A slight break in the weather, a reminder to stop and reflect on how it is not all about heat, misery and perdition but also neighbors and life and dogs.
September is not my favorite month (October is, for a bunch of reasons, most involving nicer weather) but Labor Day is a turning point.
In our middle South, summer is the sluggish time. Not so harsh a heat as in the Carolina Lowcountry nor the drawling steam of New Orleans nor the breathlessness of Houston. But here there’s an impulse to hide somewhere indoors through the depths of July and August. Then a hint of a cool breeze will bring us back out, as before, especially when the zebra-shirted ref blows his whistle for the helmeted kicker to get on with it.
Speaking of, that last day of August was not a proud day in Knoxville. Least not for anybody I know, and especially for those two couples and dog on the doomed pleasure boat that burned. It had been their first run upriver with the Vol Navy, and for naught. All the five aboard survived, the News-Sentinel reports. In hindsight, the dramatic sinking might have foretold the afternoon for the Vol Boys, who would struggle for breath inside the cathedral of SEC football. They lost - sadly and badly - to Georgia State. (I’m sorry, to whom?)
September mainly puts me in mind of many positives…
Neighbors: The way so many folks get outdoors again and renew each other’s acquaintance. (Of course, this happens year-round with dog-walkers, or rather with dogs who walk their people, but as autumn deepens many others also appear when the temp comes down a tad. In September, the dogged are more likely to encounter the non-dogged.

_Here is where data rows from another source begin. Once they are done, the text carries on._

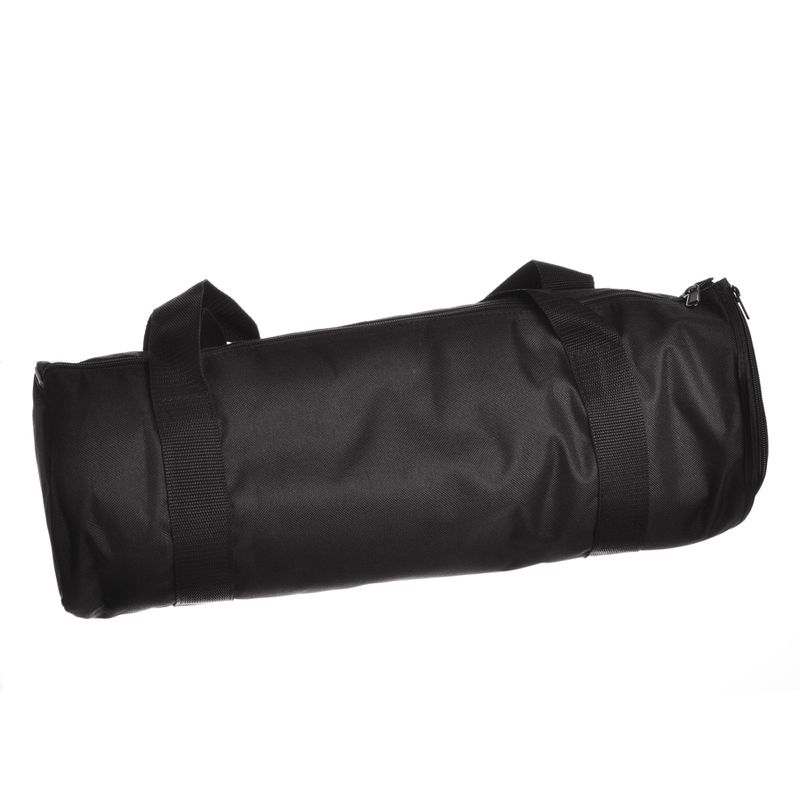 fancier-octobox-80cm-cu-8-spite-montura-bowens--alb-53265-3-136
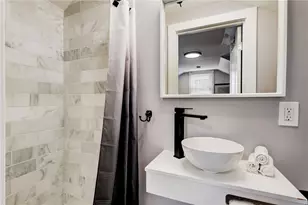 3226 Mary St, Pittsburgh, PA 15203 - Photo 15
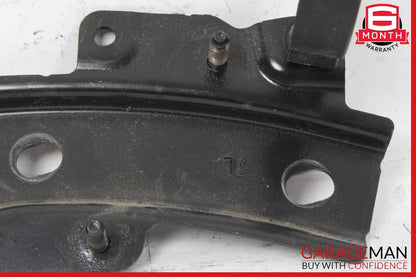 17-19 Alfa Romeo Giulia Bracket Support Holder D824 OEM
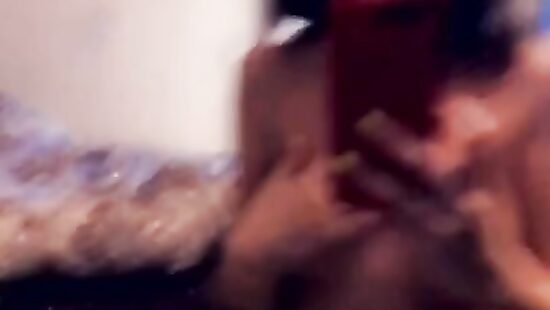 Милана из Крыма 16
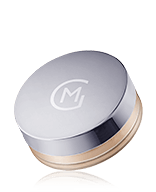 Maria Galland Fond de Teint 816 Poudre Hydra Mineral 15 Beige Puder 7,5 g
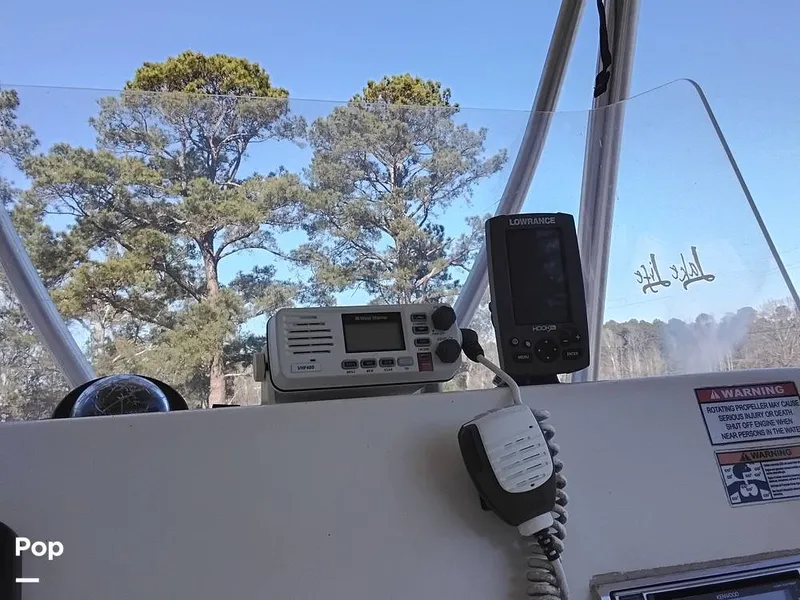 Slide: The Image of Cobia CC217 2015 - 16233018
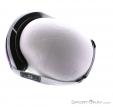 Scott LCG Goggle Compact Ski Goggles, , White, , Male,Female,Unisex, 0023-10645, 5637567333, , N4-09.jpg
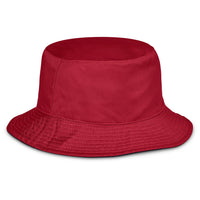 Citybeat Reversible Bucket Hat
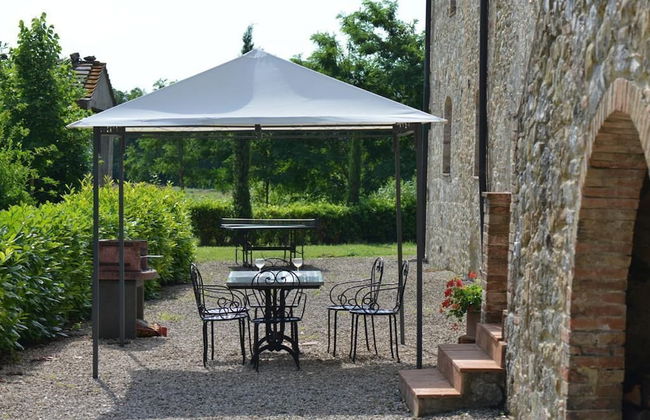 Agriturismo La Peschiera - Foto 18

Colors: September is the month the leaves begin to fall and blow about, and at the higher elevations all in nature turns orange and red and copper and rust.
Blessings: I think of certain amenities that that mayors and councils and donors have blessed our city with: Greenways and sidewalks, and parks, bike lanes and branch libraries. All these are fine places where people meet people, and the city gets to know itself a little better.

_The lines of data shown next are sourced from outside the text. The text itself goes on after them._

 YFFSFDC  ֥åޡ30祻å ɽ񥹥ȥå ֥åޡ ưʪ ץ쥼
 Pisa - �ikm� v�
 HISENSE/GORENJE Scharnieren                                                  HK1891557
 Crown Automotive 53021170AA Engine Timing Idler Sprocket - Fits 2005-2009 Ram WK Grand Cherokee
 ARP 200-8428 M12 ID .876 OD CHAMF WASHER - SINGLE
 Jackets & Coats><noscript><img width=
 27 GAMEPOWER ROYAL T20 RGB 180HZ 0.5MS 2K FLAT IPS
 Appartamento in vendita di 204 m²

Fun: In September we may remember there’s a testing to come, but before winter there will be chances for picnics and handshakes and more baseball. Nothing quite like a breezy night with a hot dog and a cool one at First Tennessee Park, with friends and a view of an astonishing skyline.
Thinking of that skyline view, which takes in the State Capitol, I’m reminded that the Legislature does not meet in September, and I smile for my city.
September is the month we look back and look ahead. Back to the awful 9/11 when the world changed, yes, but also ahead in anticipation of new births, new hopes, and before we know it new elections.